En raison de l’intensification de l’activité humaine le long du Nil, les fonctions environnementales du delta ont été perturbées, notamment par la construction de barrages retenant les sédiments et les crues saisonnières. En effet, une grande partie des sédiments emportés depuis les hauts plateaux éthiopiens et qui jadis participaient à la formation du delta se sont retrouvés bloqués dans le lac Nasser. Avec la finalisation du barrage de la Renaissance – censé retenir environ 86 % des sédiments contenu dans le Nil Bleu – et l’augmentation du niveau de la mer, des scientifiques de la Société géologique américaine prédisent qu’une partie du delta se trouvera sous la mer à la fin du siècle.
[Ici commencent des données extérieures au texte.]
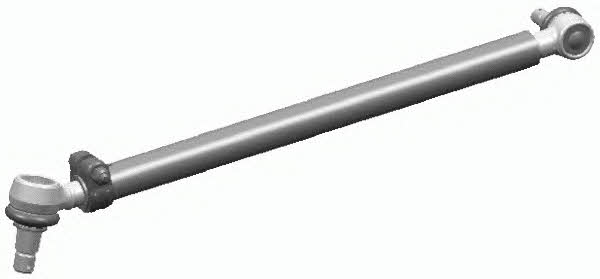 2427801 Lemforder Centre rod assembly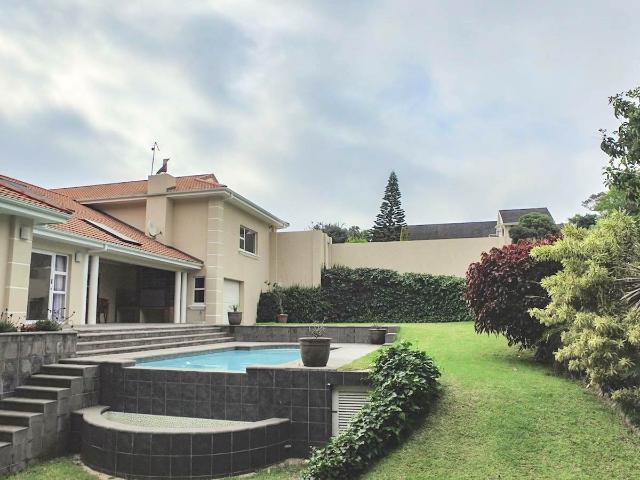 4 Bedroom House in Bunkers Hill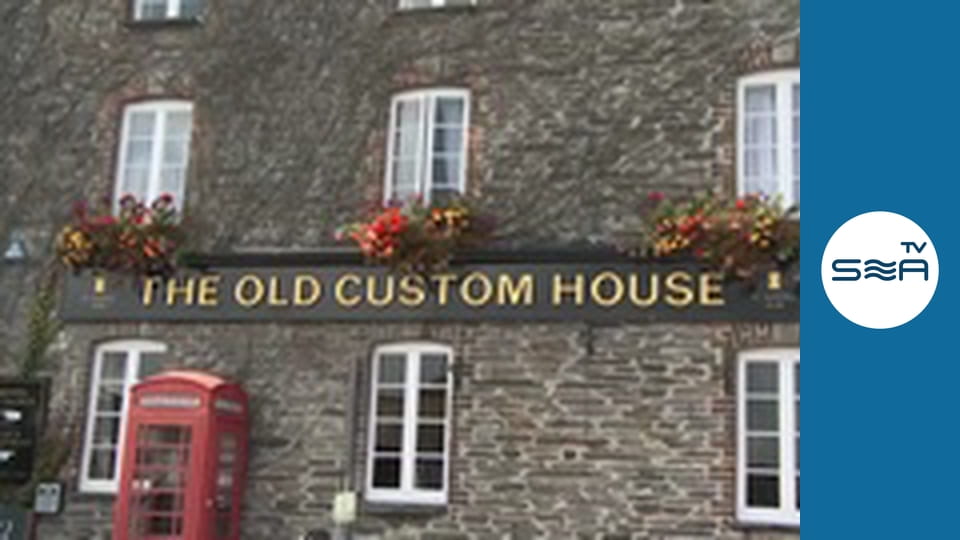 Далекі береги - Сезон 8 - Випуск 11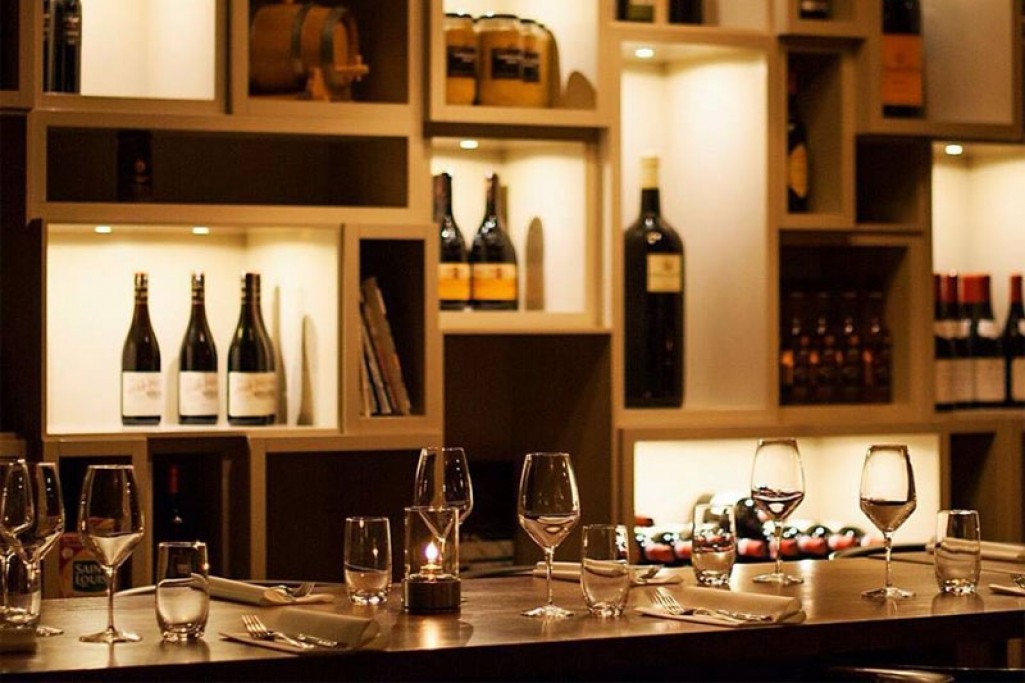 Lagerqvist Restaurant & Bar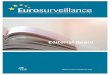 Associate editors - Eurosurveillance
« Une ligne rouge à ne pas franchir »
C’est l’un des arguments phares des opposants au barrage éthiopien : les conséquences alarmantes d’une baisse du niveau du Nil. Dans ce pays sans précipitations, dépendant à 97 % du fleuve pour son agriculture, son industrie et l’accès à l’eau de sa population, le Nil est au cœur des préoccupations des dirigeants qui en ont fait une question de sécurité nationale. À la tête d’un pays de 109 millions d’habitants, le président Abdel Fattah al-Sissi a déclaré que l’Égypte faisait partie des pays les plus pauvres en eau avec une moyenne de 550 mètres cubes d’eau par an et par habitant, bien en deçà du seuil de 1 000 mètres cubes établi par les Nations unies pour qualifier un pays en état de stress hydrique. Avec le barrage de la Renaissance, l’Égypte craint que le débit du Nil ne soit réduit, et que cela finisse par affecter la sécurité de l’ensemble du pays.
Pour Mohamed Nasreddin Allam, ancien ministre égyptien de l’Irrigation, lorsque les premières pierres du barrage éthiopien ont été posées, aucun compromis n’est envisageable avec l’Éthiopie sur le partage du Nil : « Nous n’avons actuellement que 60 milliards de mètres cubes d’eau par an pour notre pays alors que nos besoins s’élèvent à 114 milliards. Nous sommes actuellement incapables de développer nos industries en raison du manque d’eau. Alors remettre en cause la part de l’Égypte dans l’eau du Nil est une ligne rouge à ne pas franchir », assène-t-il.
Notes
1- Getachew Bayable, Ji Cai, Mulatie Mekonnen, Solomon Addisu Legesse, Kanako Ishikawa, Hiroki Imamura, Victor S. Kuwahara, « Detection of Water Hyacinth (Eichhornia crassipes) in Lake Tana, Ethiopia, Using Machine Learning Algorithms », Water 15, 2023.
2- Simon Marks, Mohammed Alamin, « Giant Dam Is Messing Up Water in Africa Even Before It Is Filled », Bloomberg, 9 juillet 2021.
3- Walaa Y. El-Nashar, Ahmed H. Elyamany, « Managing risks of the Grand Ethiopian Renaissance Dam on Egypt », Ain Shams Engineering Journal, Volume 9, Issue 4, décembre 2018.
4- Hala M.I. Ebaid, Sherine S. Ismail, « Lake Nasser evaporation reduction study », Journal of Advanced Research, Volume 1, Issue 4, octobre 2010.